*** Data for the task Section Begins ***

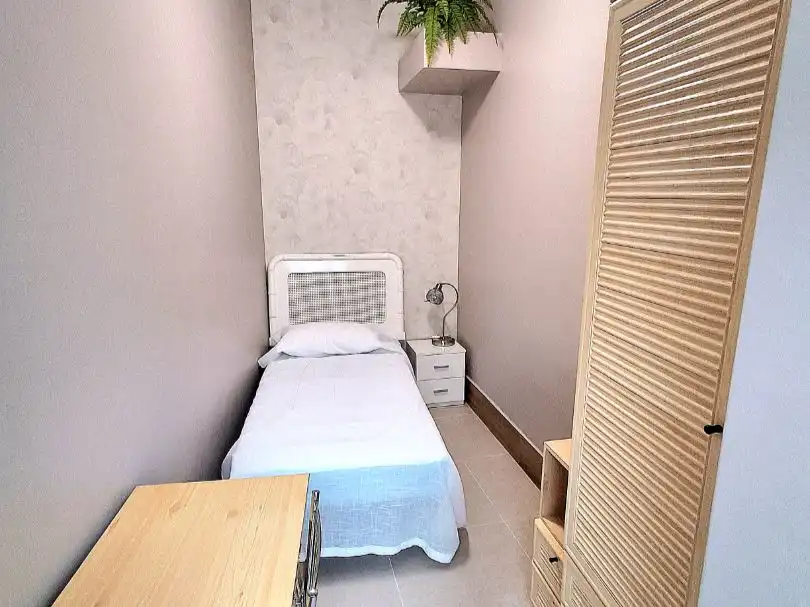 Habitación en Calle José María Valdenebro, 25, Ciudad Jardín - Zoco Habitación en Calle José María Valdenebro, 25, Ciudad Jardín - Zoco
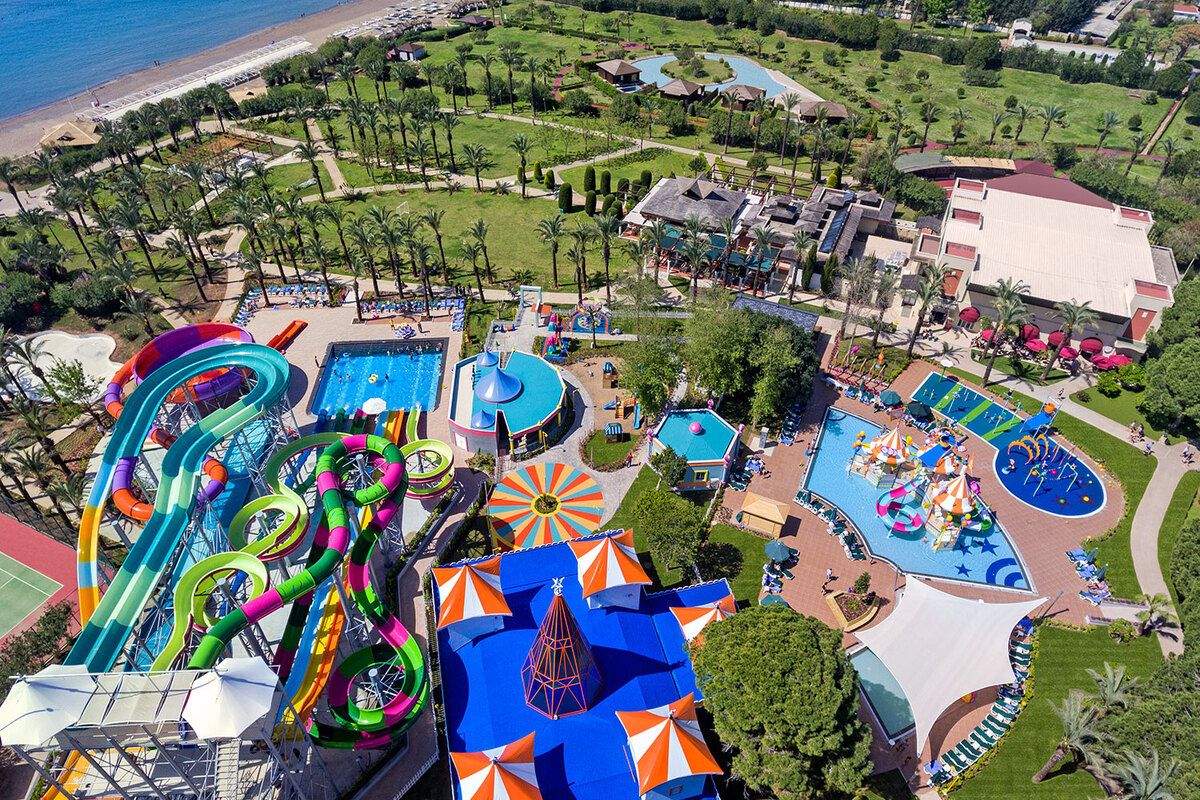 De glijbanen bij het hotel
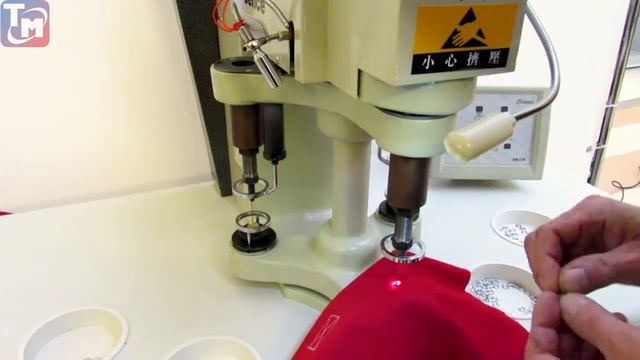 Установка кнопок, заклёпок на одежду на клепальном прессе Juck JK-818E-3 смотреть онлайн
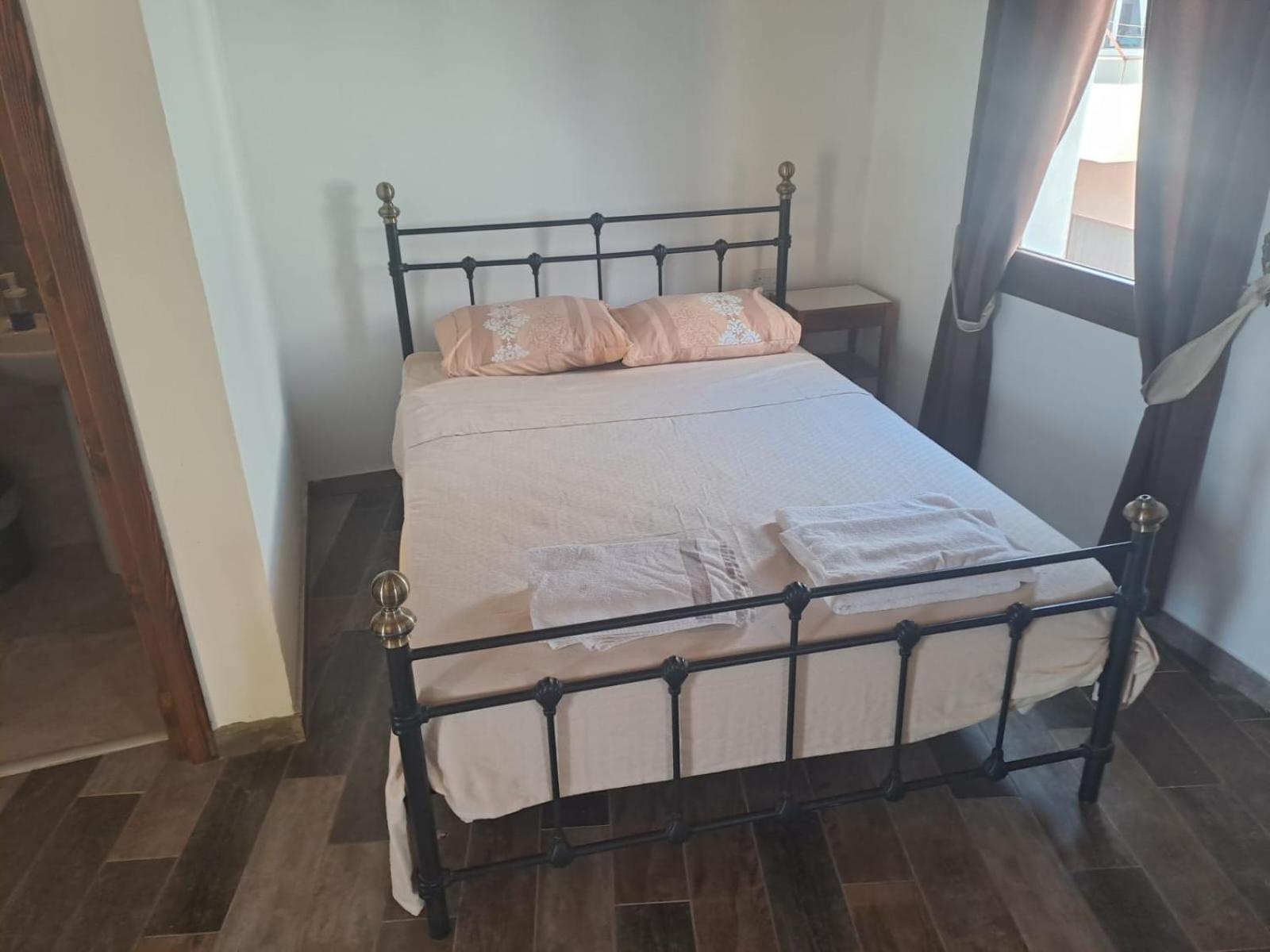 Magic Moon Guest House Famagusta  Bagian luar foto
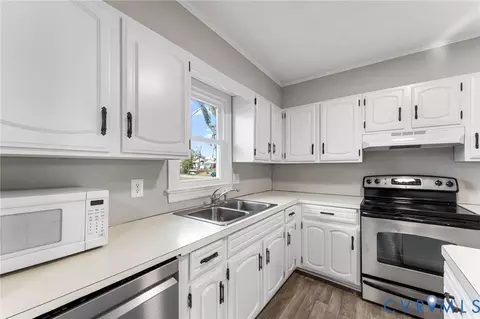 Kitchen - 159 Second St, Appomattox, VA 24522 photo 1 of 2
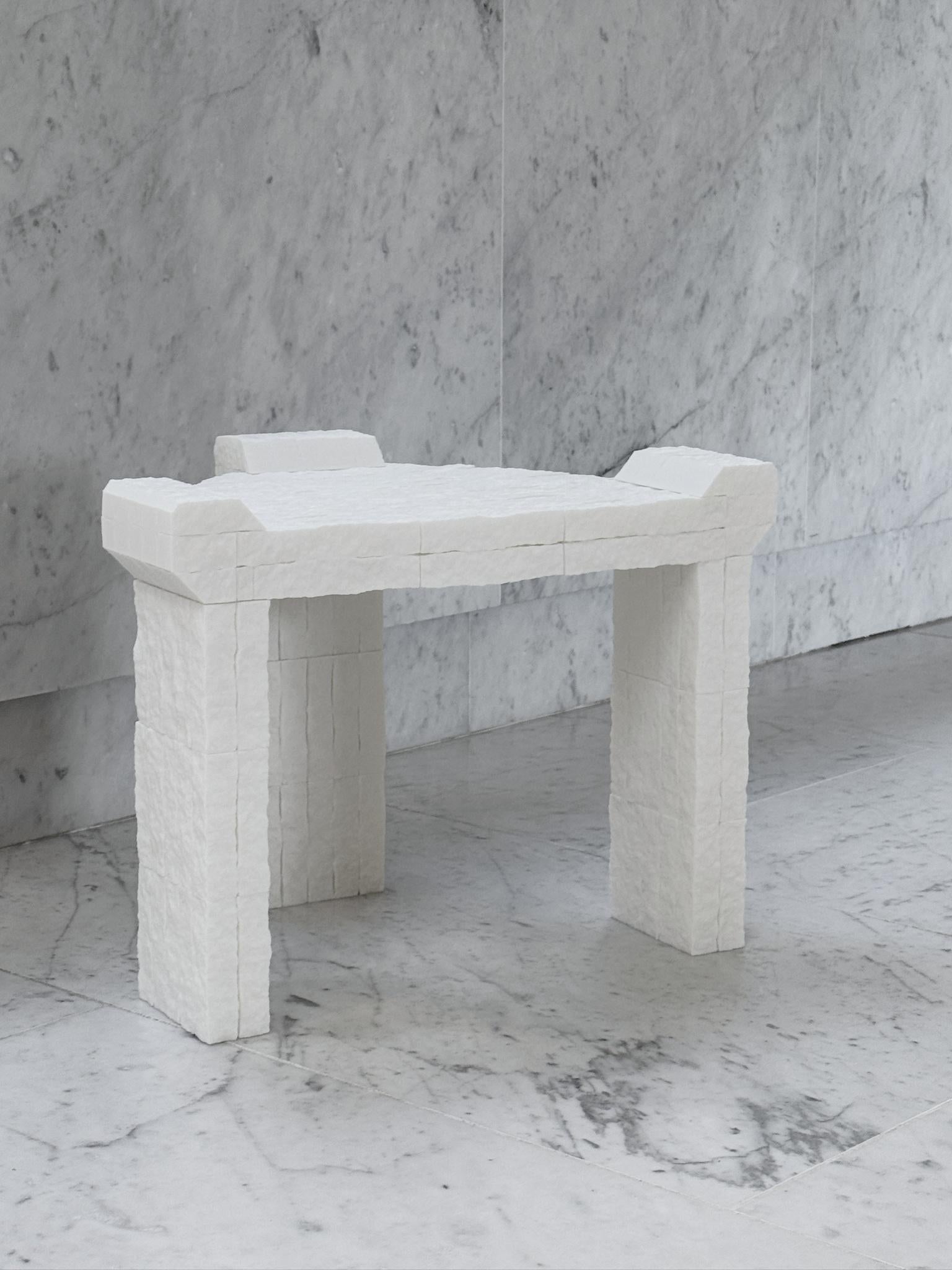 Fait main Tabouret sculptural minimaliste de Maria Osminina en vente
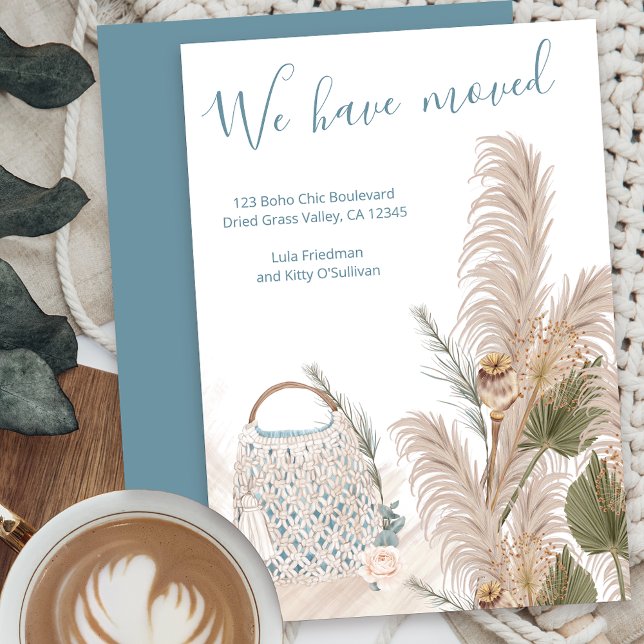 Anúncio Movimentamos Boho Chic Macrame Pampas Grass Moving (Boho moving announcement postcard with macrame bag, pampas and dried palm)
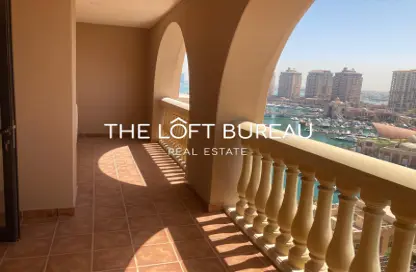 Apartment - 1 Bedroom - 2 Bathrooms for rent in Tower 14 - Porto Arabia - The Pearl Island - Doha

*** Data for the task Section Ends ***

§ **Aim of the task**: Every line from the one with "Установка кнопок, заклёпок" to the end of the records above should be restated word for word, and no picture belongs in the copy.

§ **Problem solution**:
 Установка кнопок, заклёпок на одежду на клепальном прессе Juck JK-818E-3 смотреть онлайн
 Magic Moon Guest House Famagusta  Bagian luar foto
 Kitchen - 159 Second St, Appomattox, VA 24522 photo 1 of 2
 Fait main Tabouret sculptural minimaliste de Maria Osminina en vente
 Anúncio Movimentamos Boho Chic Macrame Pampas Grass Moving (Boho moving announcement postcard with macrame bag, pampas and dried palm)
 Apartment - 1 Bedroom - 2 Bathrooms for rent in Tower 14 - Porto Arabia - The Pearl Island - Doha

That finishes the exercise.